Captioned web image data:
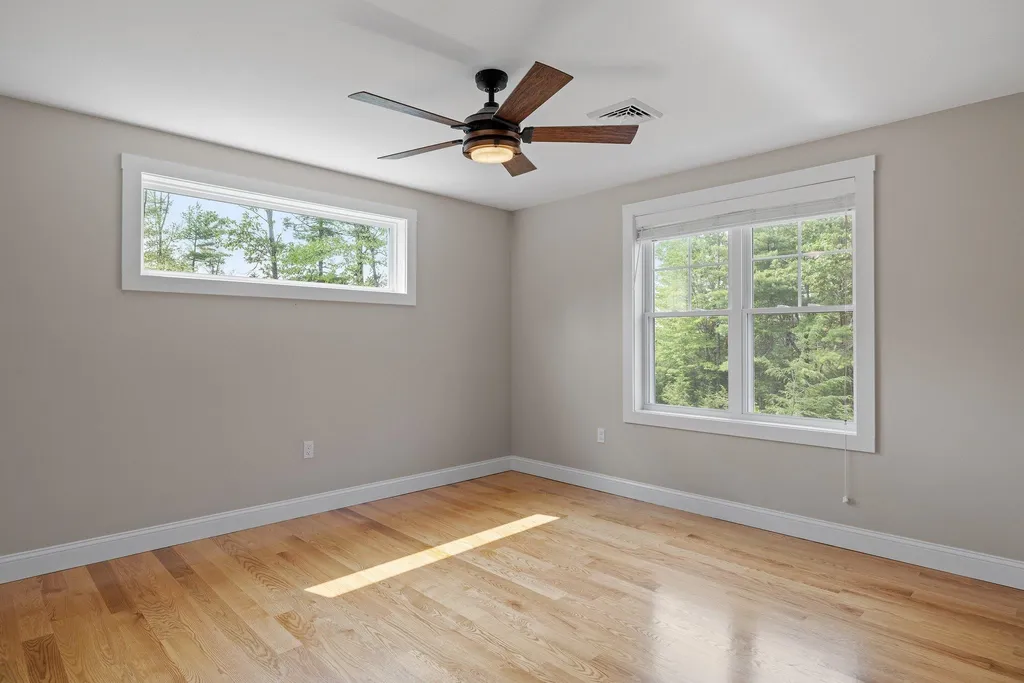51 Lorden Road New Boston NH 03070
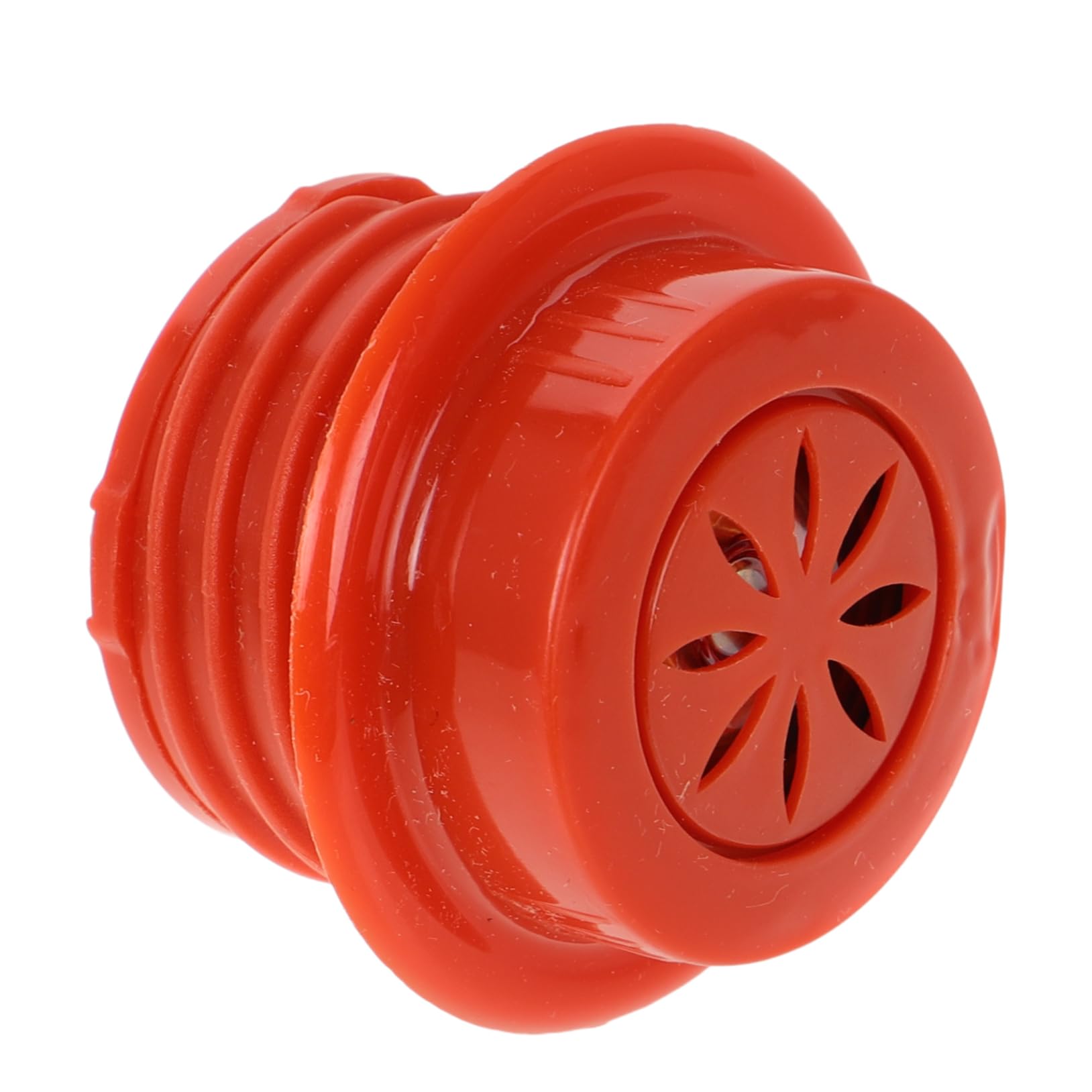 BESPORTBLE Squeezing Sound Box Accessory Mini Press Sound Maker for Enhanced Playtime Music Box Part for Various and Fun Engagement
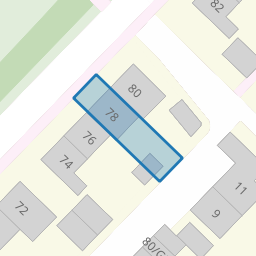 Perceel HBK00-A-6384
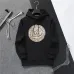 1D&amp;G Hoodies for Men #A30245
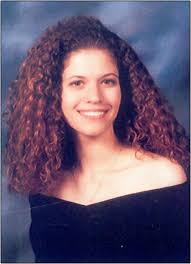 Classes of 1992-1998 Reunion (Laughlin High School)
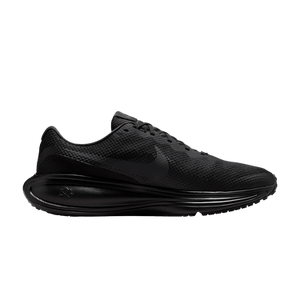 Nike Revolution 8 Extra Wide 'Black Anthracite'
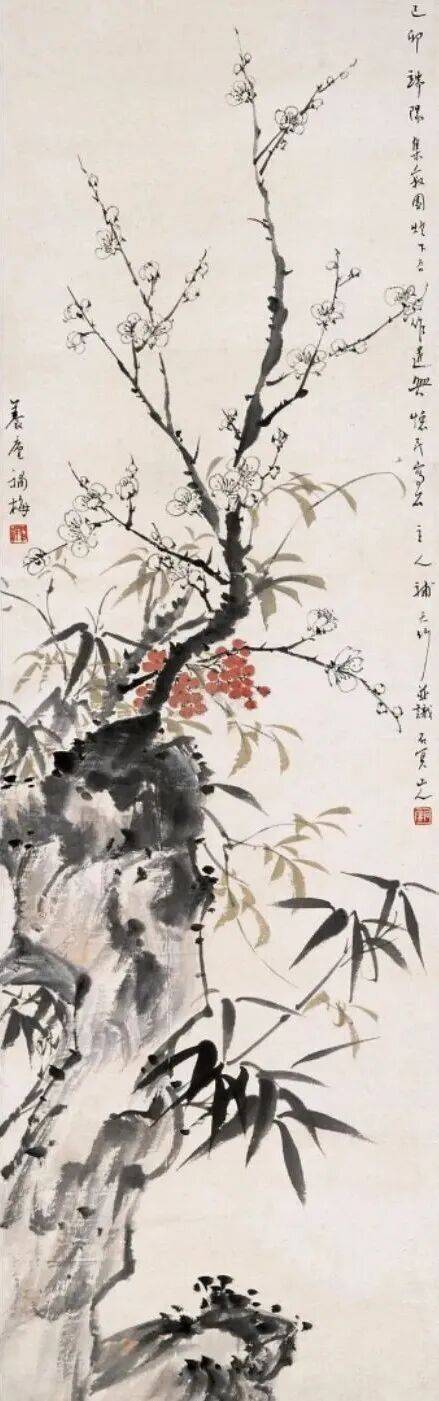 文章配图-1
---
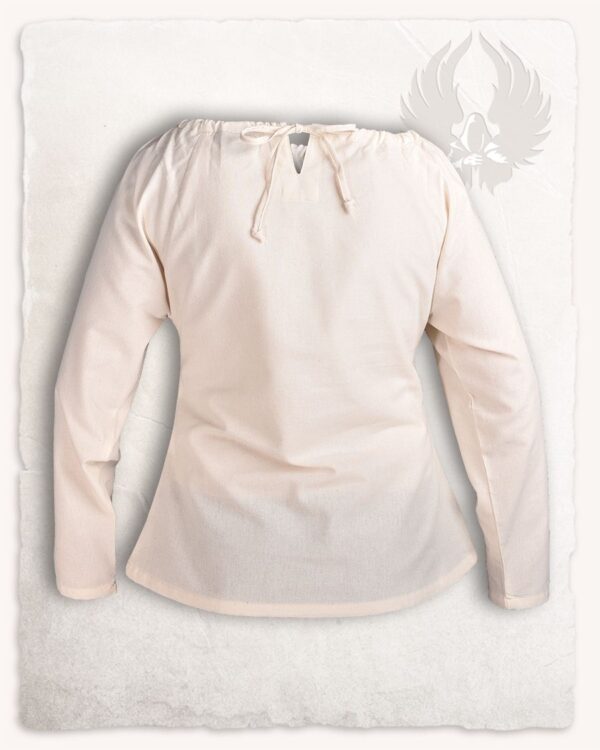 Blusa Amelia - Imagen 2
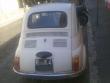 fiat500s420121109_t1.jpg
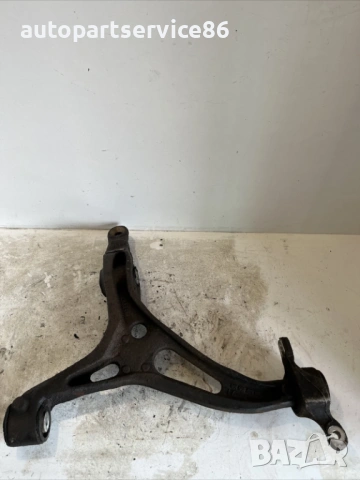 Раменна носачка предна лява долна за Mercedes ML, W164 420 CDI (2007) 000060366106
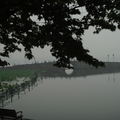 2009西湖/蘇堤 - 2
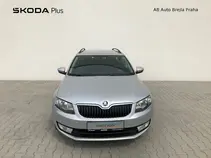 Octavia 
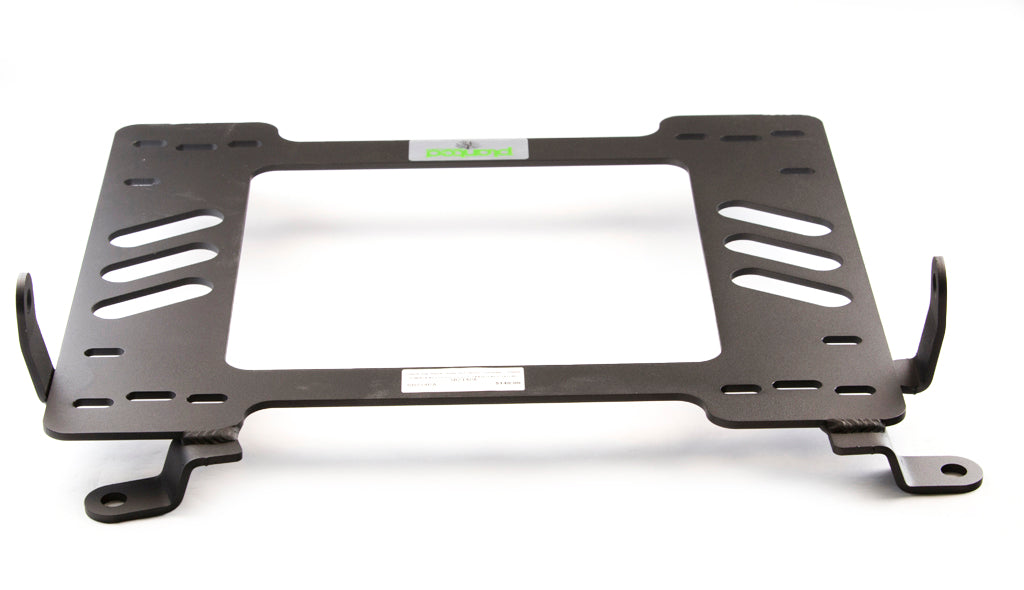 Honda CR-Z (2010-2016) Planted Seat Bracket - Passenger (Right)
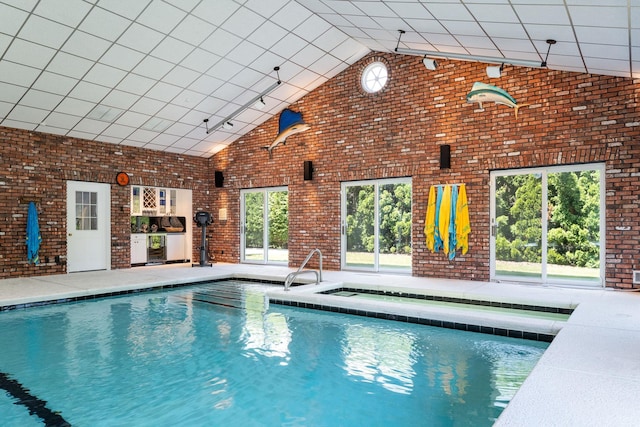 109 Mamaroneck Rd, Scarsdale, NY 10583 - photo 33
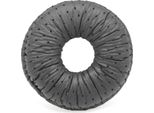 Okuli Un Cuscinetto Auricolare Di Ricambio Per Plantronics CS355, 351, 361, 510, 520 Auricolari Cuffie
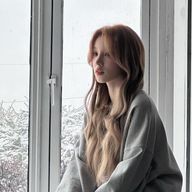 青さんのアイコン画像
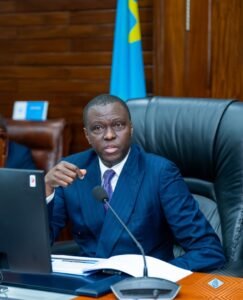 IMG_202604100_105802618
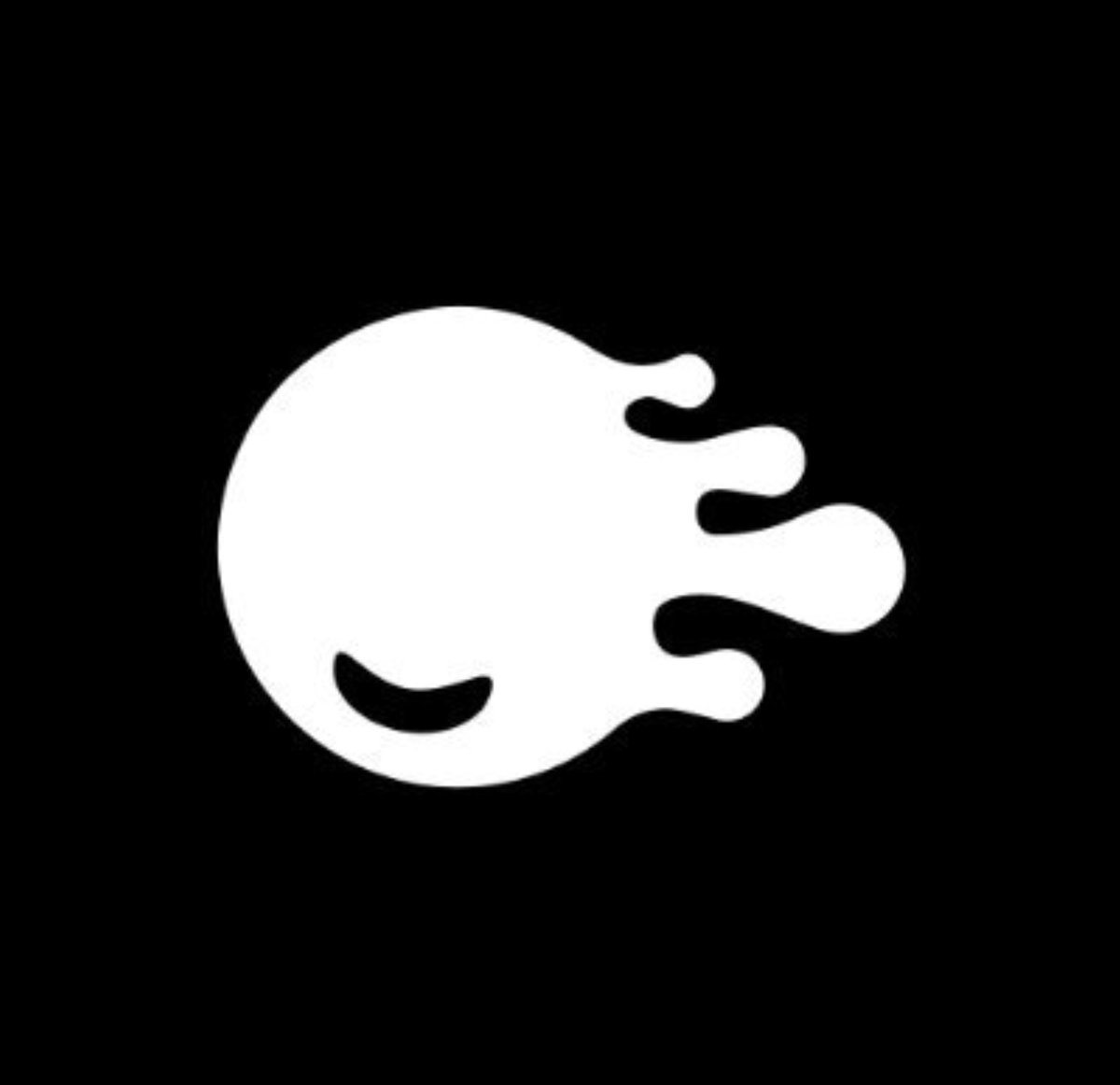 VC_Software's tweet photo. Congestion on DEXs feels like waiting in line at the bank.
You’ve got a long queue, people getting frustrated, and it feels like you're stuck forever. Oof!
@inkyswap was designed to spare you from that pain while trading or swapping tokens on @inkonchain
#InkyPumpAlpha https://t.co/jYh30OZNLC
* * *
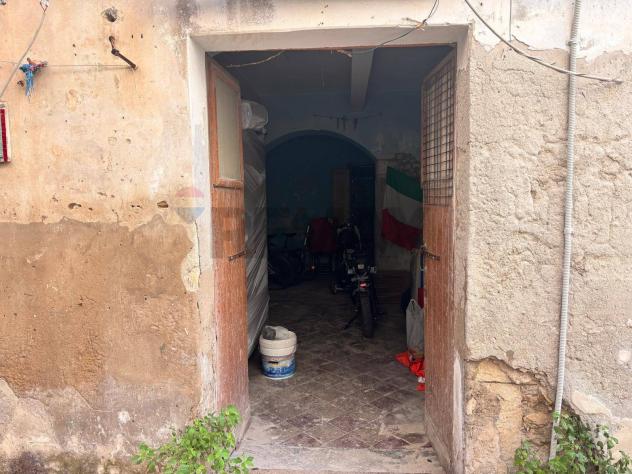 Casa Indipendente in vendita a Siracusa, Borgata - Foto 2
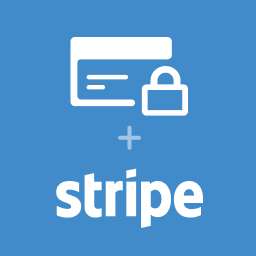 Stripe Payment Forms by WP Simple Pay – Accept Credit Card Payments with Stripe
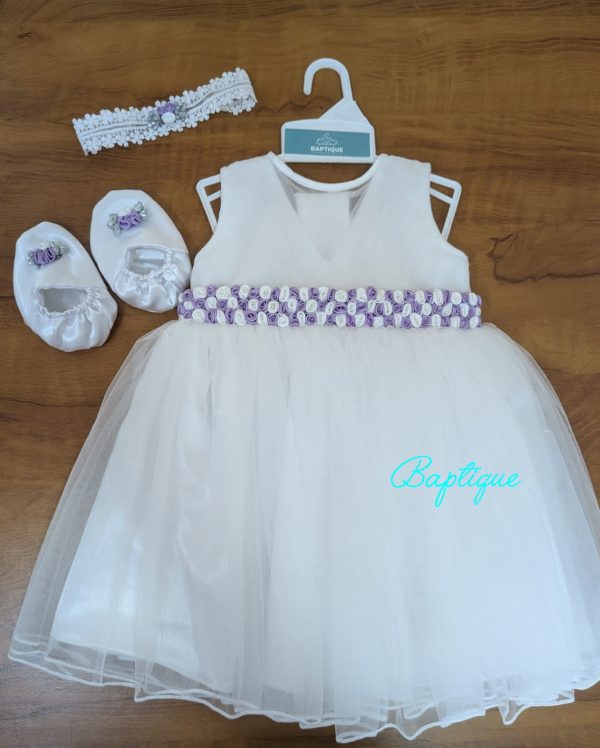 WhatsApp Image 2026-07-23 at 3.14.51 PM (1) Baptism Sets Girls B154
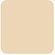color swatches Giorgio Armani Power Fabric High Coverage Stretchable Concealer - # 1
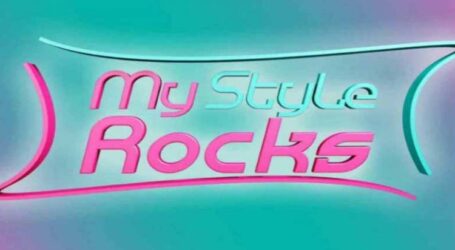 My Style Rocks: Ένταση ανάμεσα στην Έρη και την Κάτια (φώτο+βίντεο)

EXERCISE:
Copy word for word the lines of the records above from the one with "VC_Software's tweet photo." up to and including the one with "#InkyPumpAlpha https://t.co/jYh30OZNLC". Skip the pictures.

RESULT OF THE EXERCISE:
 VC_Software's tweet photo. Congestion on DEXs feels like waiting in line at the bank.
You’ve got a long queue, people getting frustrated, and it feels like you're stuck forever. Oof!
@inkyswap was designed to spare you from that pain while trading or swapping tokens on @inkonchain
#InkyPumpAlpha https://t.co/jYh30OZNLC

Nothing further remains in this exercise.